# What this task involves
Without including any pictures, retype exactly the lines from the top of the records through the line containing "冰岛总统现身欧洲杯看台:放弃包厢 穿球衣搭肩", that final line included.

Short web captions

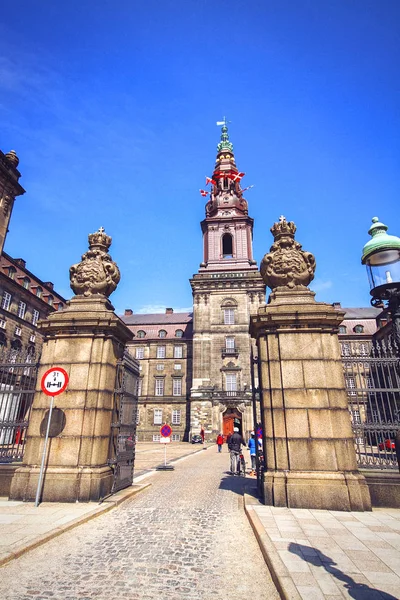 Vchod do paláce christiansborg v Kodani, Dánsko — Stock fotografie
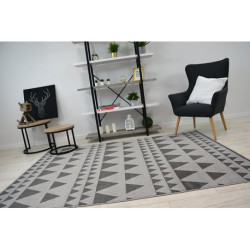 Dywan SENSE Micro 81243 TRÓJKĄTY srebrny/antracyt 200x290cm Dywan SENSE Micro 81243 TRÓJKĄTY srebrny/antracyt 200x290cm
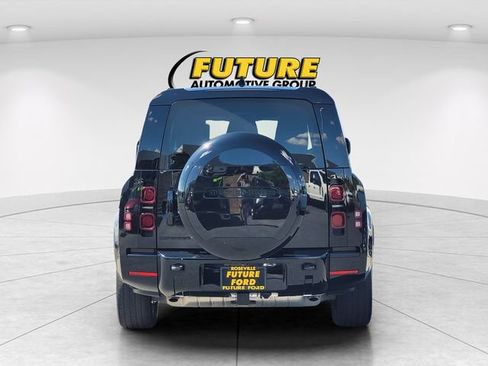 Used 2025 Land Rover Defender 130 X-Dynamic SE AWD/4WD image 8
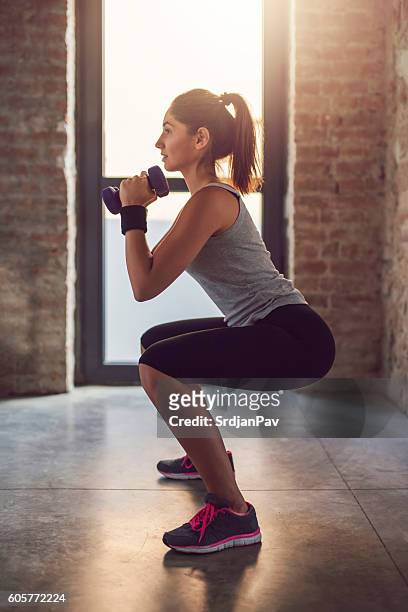 tight + toned - gym workout imagens e fotografias de stock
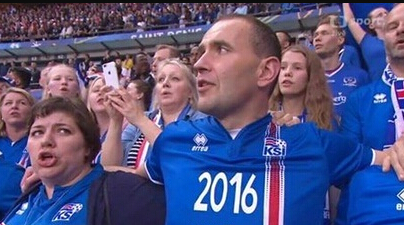 冰岛总统现身欧洲杯看台:放弃包厢 穿球衣搭肩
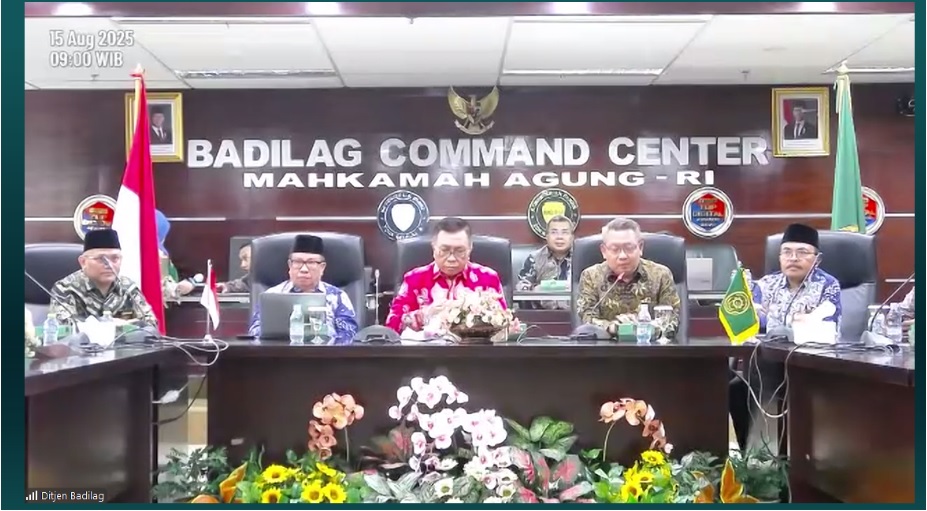 Rektor UII Yogyakarta Prof. Fathul Wahid, S.T., M.Sc., Ph.D. menyampaikan sambutan, didampingi Dirjen Badilag MA RI Drs Muchlis, S.H., M.H. bersama jajaran pejabat struktural dan fungsional Badilag MA RI. Foto: Tim Dokumentasi Badillag MA RI.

# Problem solution
 Vchod do paláce christiansborg v Kodani, Dánsko — Stock fotografie
 Dywan SENSE Micro 81243 TRÓJKĄTY srebrny/antracyt 200x290cm Dywan SENSE Micro 81243 TRÓJKĄTY srebrny/antracyt 200x290cm
 Used 2025 Land Rover Defender 130 X-Dynamic SE AWD/4WD image 8
 tight + toned - gym workout imagens e fotografias de stock
 冰岛总统现身欧洲杯看台:放弃包厢 穿球衣搭肩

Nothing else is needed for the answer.